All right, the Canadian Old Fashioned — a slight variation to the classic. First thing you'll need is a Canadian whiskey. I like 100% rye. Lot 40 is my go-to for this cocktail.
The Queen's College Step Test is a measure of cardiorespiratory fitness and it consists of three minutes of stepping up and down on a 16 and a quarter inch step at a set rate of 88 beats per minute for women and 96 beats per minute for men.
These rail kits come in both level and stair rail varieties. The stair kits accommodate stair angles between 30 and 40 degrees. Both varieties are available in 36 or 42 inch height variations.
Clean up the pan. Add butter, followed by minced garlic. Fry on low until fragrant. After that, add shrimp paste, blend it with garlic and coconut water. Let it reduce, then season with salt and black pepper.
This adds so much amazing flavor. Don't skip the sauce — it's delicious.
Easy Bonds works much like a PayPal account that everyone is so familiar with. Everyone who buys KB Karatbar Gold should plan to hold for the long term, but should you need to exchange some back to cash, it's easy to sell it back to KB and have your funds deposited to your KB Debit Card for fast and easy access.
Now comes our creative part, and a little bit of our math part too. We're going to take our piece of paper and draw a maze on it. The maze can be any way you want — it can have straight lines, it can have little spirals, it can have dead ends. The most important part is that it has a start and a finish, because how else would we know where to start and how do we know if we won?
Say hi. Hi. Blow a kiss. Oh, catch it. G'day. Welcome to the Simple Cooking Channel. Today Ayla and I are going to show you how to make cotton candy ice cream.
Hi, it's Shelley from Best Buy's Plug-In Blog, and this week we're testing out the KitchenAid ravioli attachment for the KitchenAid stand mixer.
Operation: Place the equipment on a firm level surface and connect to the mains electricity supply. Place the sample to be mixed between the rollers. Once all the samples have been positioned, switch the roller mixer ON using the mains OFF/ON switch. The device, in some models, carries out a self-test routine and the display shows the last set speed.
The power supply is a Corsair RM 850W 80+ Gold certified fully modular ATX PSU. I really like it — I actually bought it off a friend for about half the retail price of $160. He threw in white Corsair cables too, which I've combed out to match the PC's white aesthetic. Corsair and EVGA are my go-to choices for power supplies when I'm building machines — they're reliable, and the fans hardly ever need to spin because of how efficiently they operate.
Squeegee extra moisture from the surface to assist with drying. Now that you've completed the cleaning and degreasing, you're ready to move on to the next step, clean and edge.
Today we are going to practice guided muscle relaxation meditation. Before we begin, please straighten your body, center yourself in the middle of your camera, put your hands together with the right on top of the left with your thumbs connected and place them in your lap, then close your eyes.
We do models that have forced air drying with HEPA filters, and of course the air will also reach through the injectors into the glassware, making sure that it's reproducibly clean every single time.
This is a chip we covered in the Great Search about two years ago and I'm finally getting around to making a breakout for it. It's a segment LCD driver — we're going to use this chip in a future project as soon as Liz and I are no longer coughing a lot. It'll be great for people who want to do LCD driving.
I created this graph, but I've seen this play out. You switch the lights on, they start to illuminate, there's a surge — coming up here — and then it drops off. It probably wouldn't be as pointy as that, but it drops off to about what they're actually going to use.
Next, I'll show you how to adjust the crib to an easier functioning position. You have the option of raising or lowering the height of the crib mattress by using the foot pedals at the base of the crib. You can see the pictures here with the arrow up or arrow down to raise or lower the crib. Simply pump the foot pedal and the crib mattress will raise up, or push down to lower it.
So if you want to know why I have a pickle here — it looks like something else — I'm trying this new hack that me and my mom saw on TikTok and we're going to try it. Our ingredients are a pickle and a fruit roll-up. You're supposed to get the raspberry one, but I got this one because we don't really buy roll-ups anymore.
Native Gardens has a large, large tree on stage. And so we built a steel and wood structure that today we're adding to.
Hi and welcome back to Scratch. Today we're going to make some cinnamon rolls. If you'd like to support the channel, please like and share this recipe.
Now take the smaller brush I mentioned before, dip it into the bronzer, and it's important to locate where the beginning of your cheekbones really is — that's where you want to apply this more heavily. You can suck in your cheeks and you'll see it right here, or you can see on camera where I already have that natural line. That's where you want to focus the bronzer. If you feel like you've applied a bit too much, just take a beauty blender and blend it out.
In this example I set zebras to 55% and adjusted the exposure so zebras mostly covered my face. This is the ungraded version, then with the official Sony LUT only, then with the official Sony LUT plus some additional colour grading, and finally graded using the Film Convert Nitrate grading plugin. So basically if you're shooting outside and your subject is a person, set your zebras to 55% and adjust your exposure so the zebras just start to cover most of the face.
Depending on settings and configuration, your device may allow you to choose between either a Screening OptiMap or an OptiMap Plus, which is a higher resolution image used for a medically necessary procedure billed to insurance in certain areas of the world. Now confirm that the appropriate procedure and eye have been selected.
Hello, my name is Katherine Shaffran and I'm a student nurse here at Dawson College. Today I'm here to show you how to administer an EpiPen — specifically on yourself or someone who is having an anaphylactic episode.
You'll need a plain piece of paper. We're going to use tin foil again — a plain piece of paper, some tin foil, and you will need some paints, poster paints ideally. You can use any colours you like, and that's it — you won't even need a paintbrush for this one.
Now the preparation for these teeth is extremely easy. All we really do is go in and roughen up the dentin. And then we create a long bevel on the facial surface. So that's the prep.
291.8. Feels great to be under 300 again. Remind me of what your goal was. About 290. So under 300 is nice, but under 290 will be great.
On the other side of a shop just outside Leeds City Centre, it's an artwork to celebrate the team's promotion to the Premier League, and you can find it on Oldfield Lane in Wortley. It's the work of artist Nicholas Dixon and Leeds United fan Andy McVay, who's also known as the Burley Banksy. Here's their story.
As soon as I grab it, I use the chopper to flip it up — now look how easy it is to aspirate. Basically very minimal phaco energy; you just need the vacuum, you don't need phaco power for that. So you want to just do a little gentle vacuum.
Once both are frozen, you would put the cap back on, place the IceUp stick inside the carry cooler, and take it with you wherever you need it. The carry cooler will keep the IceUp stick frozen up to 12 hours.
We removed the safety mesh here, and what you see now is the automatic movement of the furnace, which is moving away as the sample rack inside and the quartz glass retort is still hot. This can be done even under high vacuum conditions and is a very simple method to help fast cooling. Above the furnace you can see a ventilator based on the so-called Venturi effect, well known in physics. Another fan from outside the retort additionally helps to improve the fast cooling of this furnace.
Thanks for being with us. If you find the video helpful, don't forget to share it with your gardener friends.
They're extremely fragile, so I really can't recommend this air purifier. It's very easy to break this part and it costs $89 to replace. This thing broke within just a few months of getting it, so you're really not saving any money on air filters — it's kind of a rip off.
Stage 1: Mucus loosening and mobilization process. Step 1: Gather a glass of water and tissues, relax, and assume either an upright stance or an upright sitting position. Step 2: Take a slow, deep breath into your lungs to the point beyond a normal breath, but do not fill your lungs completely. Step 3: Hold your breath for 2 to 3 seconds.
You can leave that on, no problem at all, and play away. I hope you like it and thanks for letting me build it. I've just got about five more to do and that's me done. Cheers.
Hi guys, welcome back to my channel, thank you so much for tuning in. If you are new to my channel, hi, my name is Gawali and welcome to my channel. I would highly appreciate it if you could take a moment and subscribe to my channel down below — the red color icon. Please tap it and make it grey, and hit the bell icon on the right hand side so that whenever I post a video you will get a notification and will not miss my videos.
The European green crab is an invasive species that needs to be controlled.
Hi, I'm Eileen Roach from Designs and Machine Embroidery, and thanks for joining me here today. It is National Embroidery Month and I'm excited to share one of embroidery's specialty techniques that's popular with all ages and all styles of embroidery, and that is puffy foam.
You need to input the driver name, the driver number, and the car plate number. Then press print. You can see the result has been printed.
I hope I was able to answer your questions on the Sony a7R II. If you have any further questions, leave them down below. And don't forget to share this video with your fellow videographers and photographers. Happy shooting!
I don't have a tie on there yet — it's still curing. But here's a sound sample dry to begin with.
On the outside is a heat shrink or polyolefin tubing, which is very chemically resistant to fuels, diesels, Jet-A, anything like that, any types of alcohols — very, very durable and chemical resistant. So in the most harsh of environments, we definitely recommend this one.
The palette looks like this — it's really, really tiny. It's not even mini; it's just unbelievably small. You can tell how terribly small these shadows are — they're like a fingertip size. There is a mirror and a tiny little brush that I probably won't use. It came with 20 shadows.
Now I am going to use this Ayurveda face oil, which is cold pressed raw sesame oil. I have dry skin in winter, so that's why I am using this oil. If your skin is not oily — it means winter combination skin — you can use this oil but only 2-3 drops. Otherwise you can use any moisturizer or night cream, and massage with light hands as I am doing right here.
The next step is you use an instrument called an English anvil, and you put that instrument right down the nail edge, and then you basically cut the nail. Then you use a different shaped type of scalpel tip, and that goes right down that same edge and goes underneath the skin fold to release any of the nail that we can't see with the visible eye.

• [PROBLEM STATEMENT]: Say how many lines of the entries above include the string "again", giving the number and nothing else.

• [ANSWER AREA]: 2